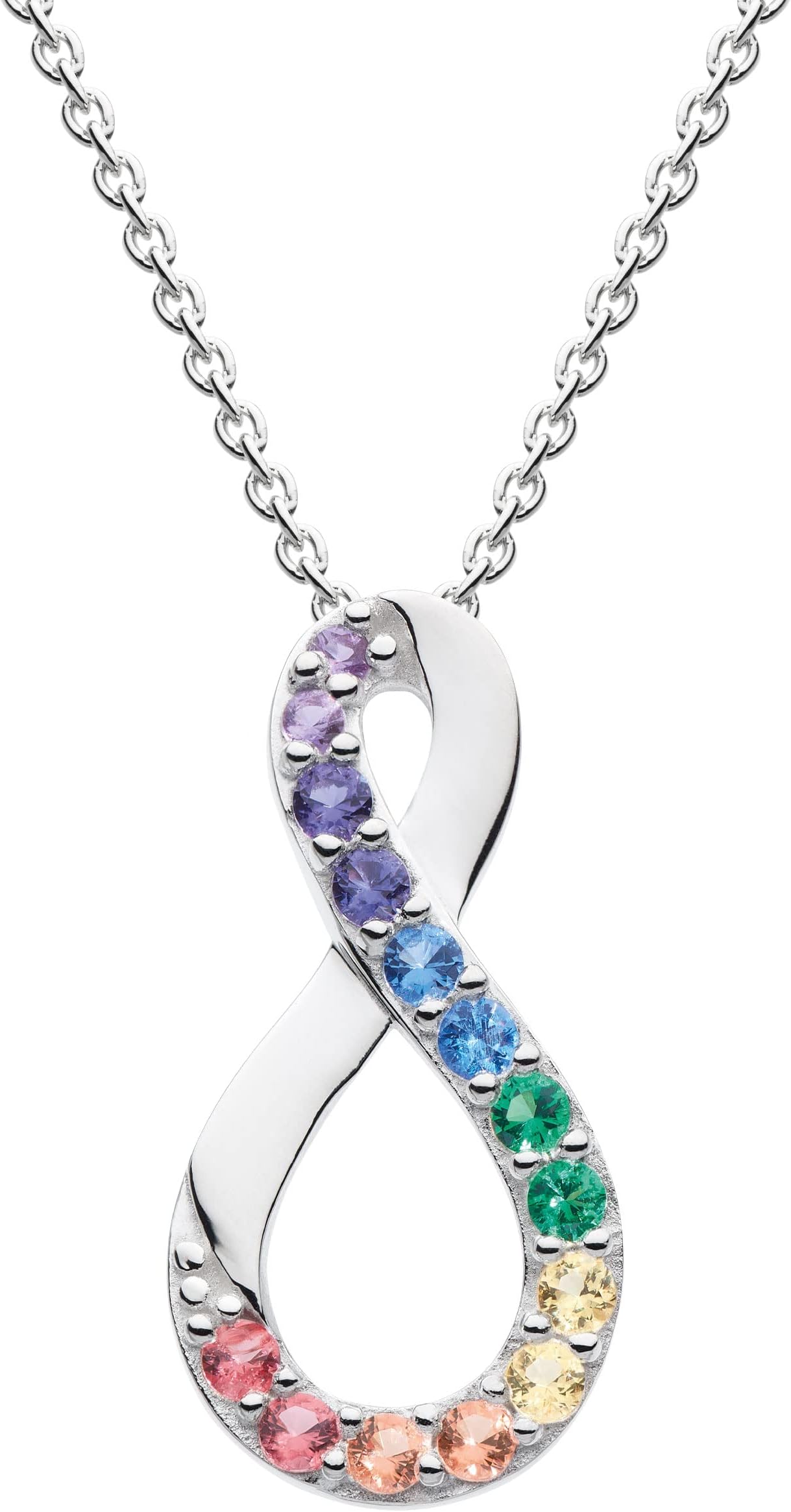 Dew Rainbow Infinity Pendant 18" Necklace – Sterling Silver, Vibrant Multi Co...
...
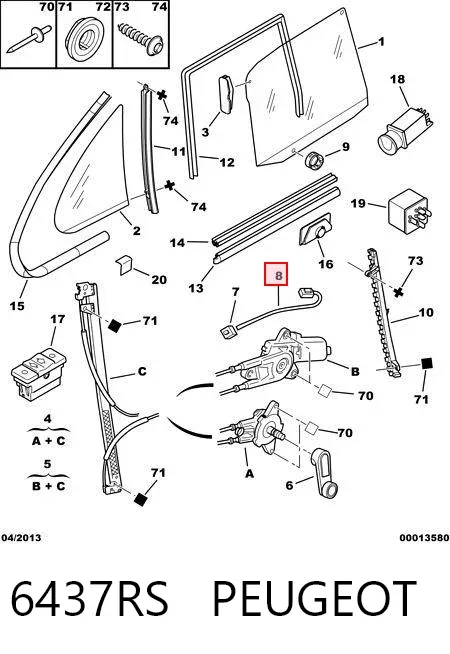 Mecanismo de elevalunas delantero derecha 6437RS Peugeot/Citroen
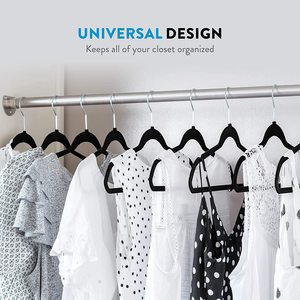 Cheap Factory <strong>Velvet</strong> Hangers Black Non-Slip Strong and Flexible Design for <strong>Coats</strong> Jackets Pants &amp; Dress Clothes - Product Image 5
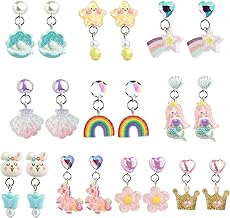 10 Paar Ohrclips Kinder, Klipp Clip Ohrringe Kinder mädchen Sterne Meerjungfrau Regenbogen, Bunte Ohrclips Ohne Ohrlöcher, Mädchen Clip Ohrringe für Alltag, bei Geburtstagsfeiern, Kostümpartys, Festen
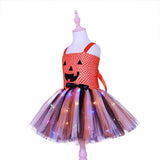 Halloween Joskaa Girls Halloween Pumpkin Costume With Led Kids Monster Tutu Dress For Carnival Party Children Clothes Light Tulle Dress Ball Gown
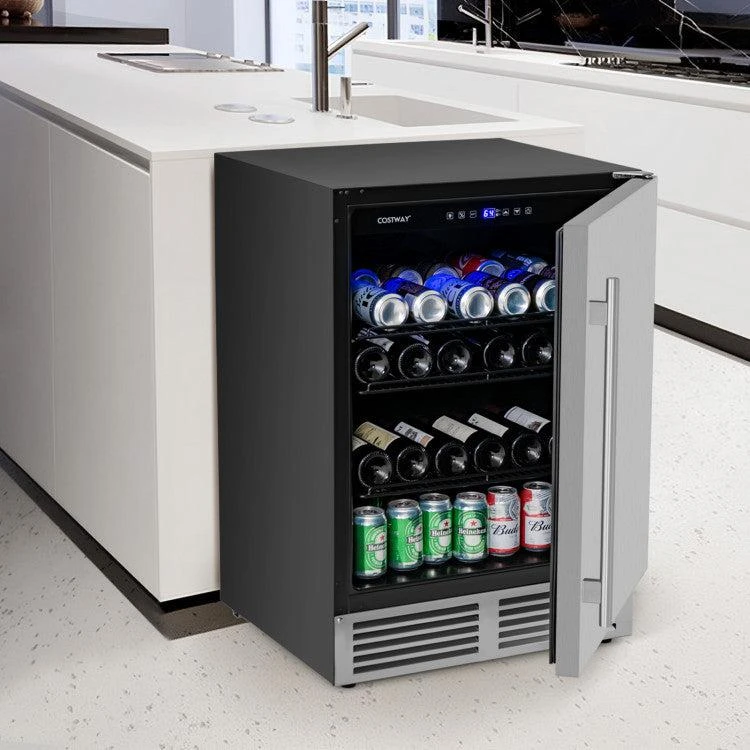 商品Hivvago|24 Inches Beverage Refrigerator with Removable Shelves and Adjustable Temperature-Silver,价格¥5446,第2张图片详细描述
==
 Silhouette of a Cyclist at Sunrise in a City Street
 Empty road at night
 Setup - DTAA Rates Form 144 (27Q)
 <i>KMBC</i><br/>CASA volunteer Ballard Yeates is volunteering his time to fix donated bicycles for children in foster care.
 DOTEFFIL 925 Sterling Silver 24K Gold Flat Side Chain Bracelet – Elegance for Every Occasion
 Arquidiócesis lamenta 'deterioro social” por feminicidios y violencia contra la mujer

## WORK INSTRUCTION
Starting with the line with "Silhouette of a" above and going on through the line with "Arquidiócesis lamenta 'deterioro", transcribe every line exactly, both ends included, and add nothing.

## SOLUTION TO THE EXERCISE
 Silhouette of a Cyclist at Sunrise in a City Street
 Empty road at night
 Setup - DTAA Rates Form 144 (27Q)
 <i>KMBC</i><br/>CASA volunteer Ballard Yeates is volunteering his time to fix donated bicycles for children in foster care.
 DOTEFFIL 925 Sterling Silver 24K Gold Flat Side Chain Bracelet – Elegance for Every Occasion
 Arquidiócesis lamenta 'deterioro social” por feminicidios y violencia contra la mujer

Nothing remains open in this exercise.